The Department examiners review a credit union’s risk management practices in relation to concentrations that pose significant risks. For example, when there is significant exposure to purchased loans from third parties who control the servicing, disbursement, and collection processes, this relationship requires a more intensive review of the controls. The Department encourages the use of an independent, qualified third-party to review and monitor these relationships. The third-party review can be performed by an outside person or internal staff, but should retain its independence. An independent review is particularly important when the relationship involves higher-risk loans or investments and the institution lacks a strong risk management system.
The following list summarizes lessons learned from recent examinations. The Department examiners will consider these lessons while assessing a credit union’s risk management systems.

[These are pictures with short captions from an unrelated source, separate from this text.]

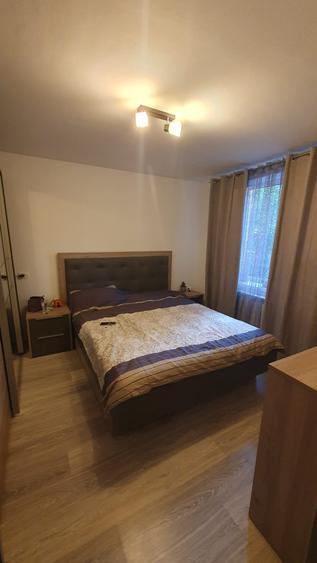 Apartament cu 3 camere decomandat, mobilat în Sud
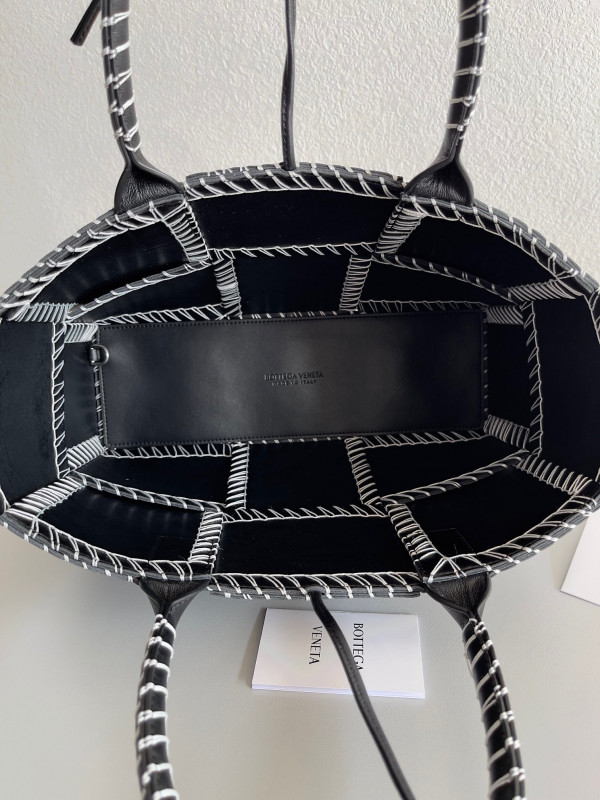 bo*te*ga Ve*ne*ta small arco tote bag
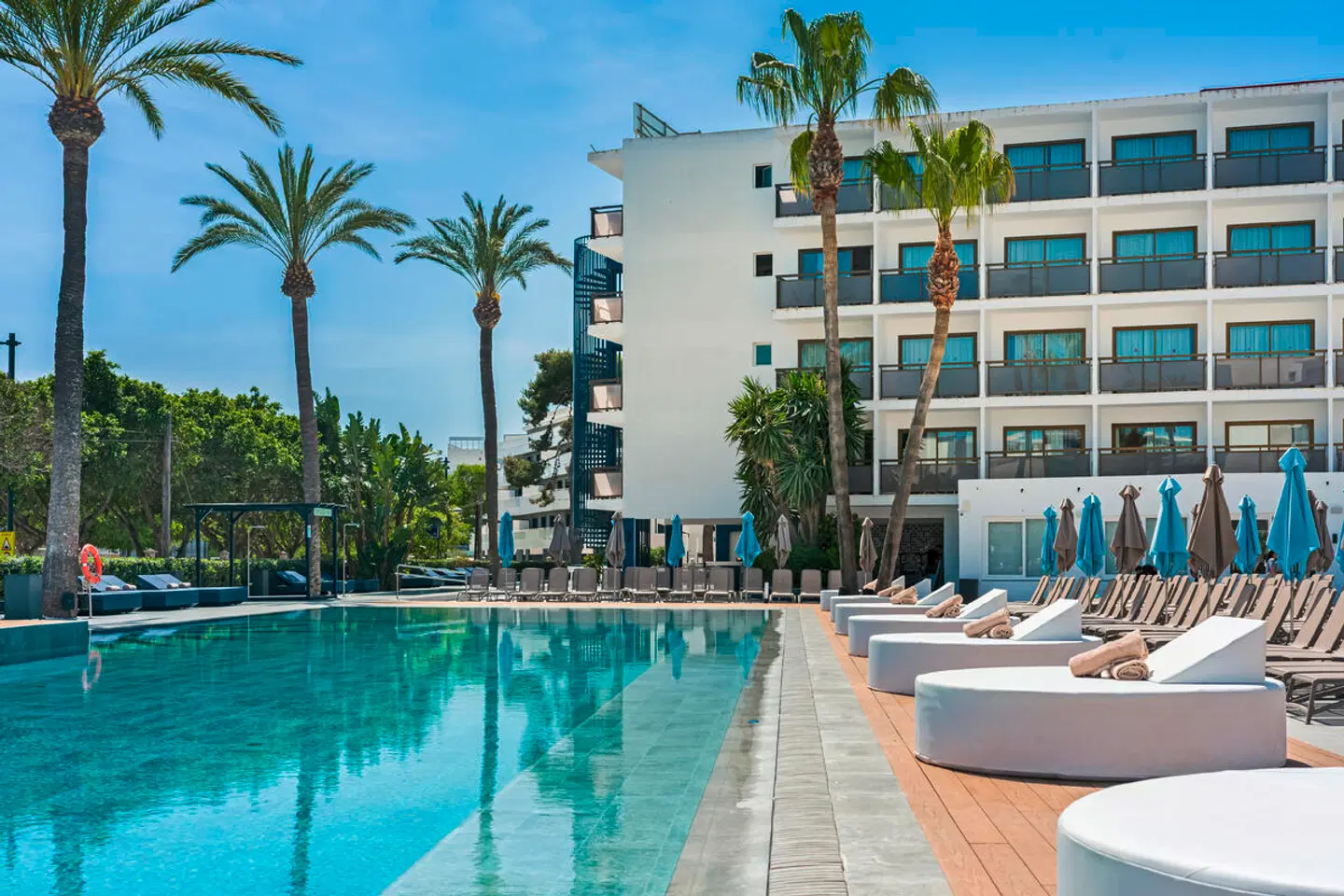 Vibra Mare Nostrum OUTDOOR_POOL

Market pressures and competition have compelled some credit unions to lower underwriting standards and loan terms to increase origination volume. Concentrations of loans originated under lowered standards increase risk.
Higher-risk activities and concentration risks can be masked by financial success during periods of favorable economic conditions. Credit unions with concentration levels in higher risk activities should maintain sufficient net worth buffers in excess of Prompt Corrective Action “Well Capitalized” levels to compensate for the higher risk.
Rapid growth in asset concentrations should be monitored carefully. Detection of underwriting deficiencies and loan performance weaknesses often occurs after the risk has grown to an excess level.
Credit-related models are not likely to perform as well in a rapidly deteriorating environment. ALLL provisions methodologies are often based on historic loan performance resulting in reserve levels that do not keep pace with the current loan performance and losses. During economic fluctuations, management should shorten the “lookback” period for portfolio performance to ensure sufficient ALLLs.
The Department encourages credit unions to provide credit to qualified members for consumer and business purposes, provided that such credit is extended in a safe and sound manner. Credit unions must also document each borrower’s willingness and ability to repay. Such documentation should be commensurate with the size and risk of the respective extensions of credit. Credit unions should ensure they adhere to prudent underwriting practices, particularly for loan portfolios with higher risk concentrations. Credit unions should not allow competitive pressures to erode the quality of underwriting.
Department examiners will closely review and scrutinize higher risk concentrations during examinations. These reviews will assess management and the Board’s ability to establish appropriate concentration limits and implement effective risk management systems. The Department will exercise supervisory discretion in limiting or curtailing activities to prevent and limit unsafe and unsound business activities. The Department will pursue corrective action or enforcement action when a credit union does not maintain appropriate concentration limits or takes excessive risks.